Once the aggravating and mitigating factors have been heard, the jury or the judge, whoever is responsible for sentencing, will weigh the aggravating and mitigating factors to determine the sentence.
In Cruz’s case, the jury must be unanimous to conclude beyond a reasonable doubt that there is at least one aggravating factor. If this happens, then the jurors must be unanimous in recommending that the accused be put to death, otherwise his sentence would default to life in prison without the possibility of parole. If they recommend death, the judge could choose to follow that recommendation or sentence Cruz to life instead.
Generally, the jury represents “the conscience of the community,” Dunham said, and by participating they can reflect the sentiments of the wider community where the crime was committed and where the accused is being tried.
At the same time, for states like Florida where a judge makes the final decision on capital punishment, a judge can act as a “safety net,” Dunham said, in case the community’s conscience is dominated by “inadmissible factors” such as racism, for example.

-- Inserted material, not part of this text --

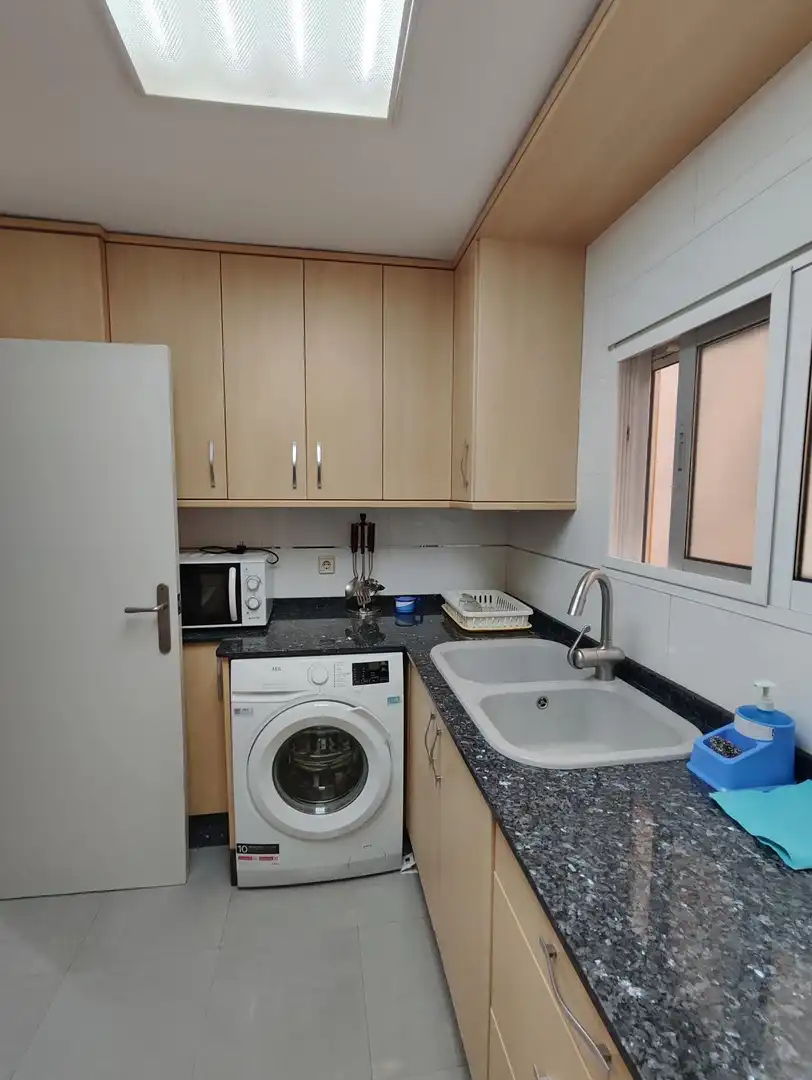 Küche von Wohnung zur Miete in Valencia mit Klimaanlage, Heizung und Möbliert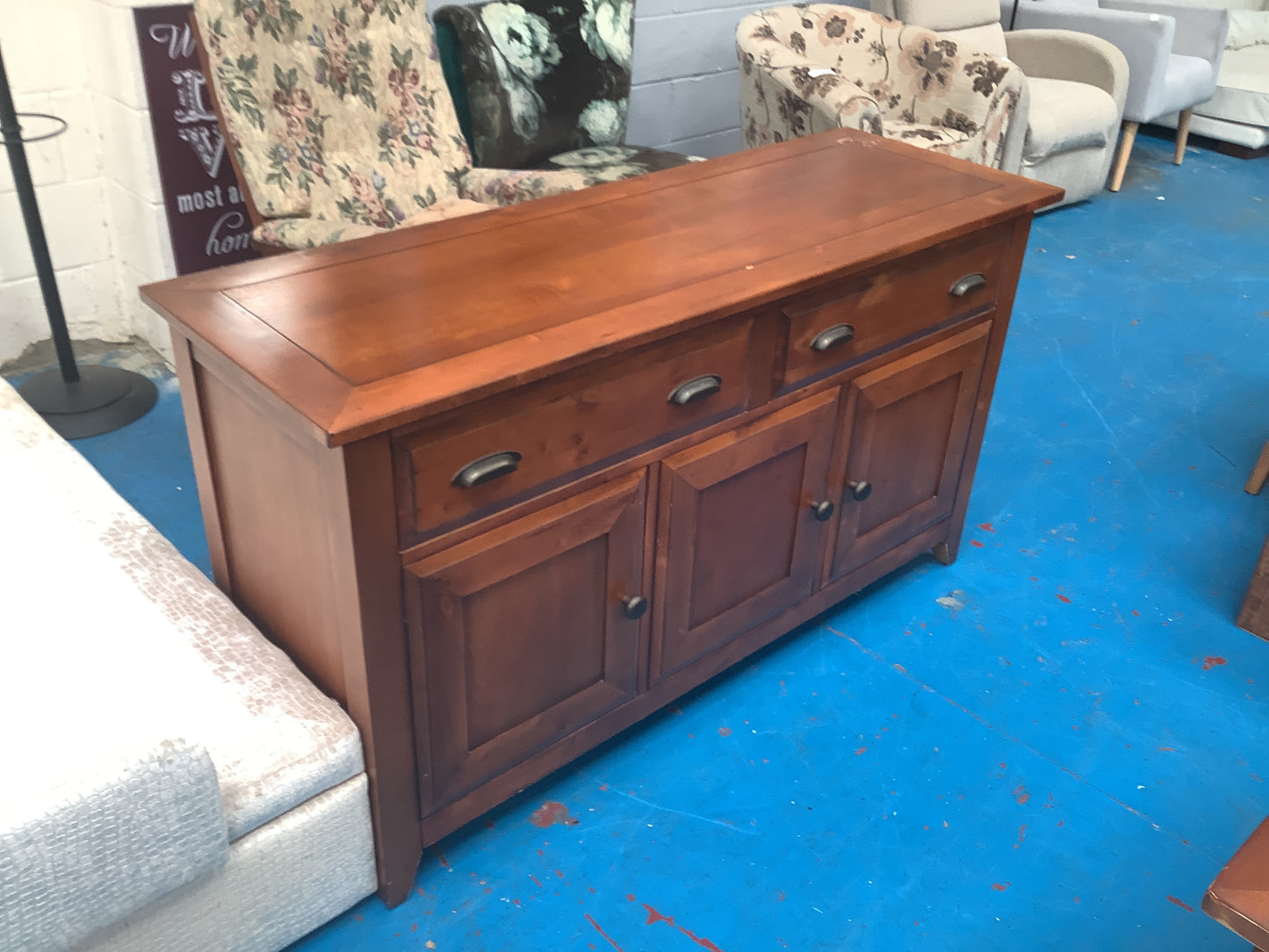 Sideboard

Choosing a jury in a capital case can be difficult because of the opinions of potential jurors on capital punishment: a jury sitting in a death penalty case must be willing to impose the death penalty. But they must also be prepared to weigh mitigating circumstances, Dunham said, and consider the lesser sentence.
“You don’t want jurors whose ability to obey the law is significantly impaired,” Dunham said. This means “they must be willing to honestly consider the aggravating circumstances and give them some weight as a reason for taking the accused’s life”, he said, “and they must (also) be willing to consider mitigating circumstances and give them some weight as a reason to spare the life of the accused.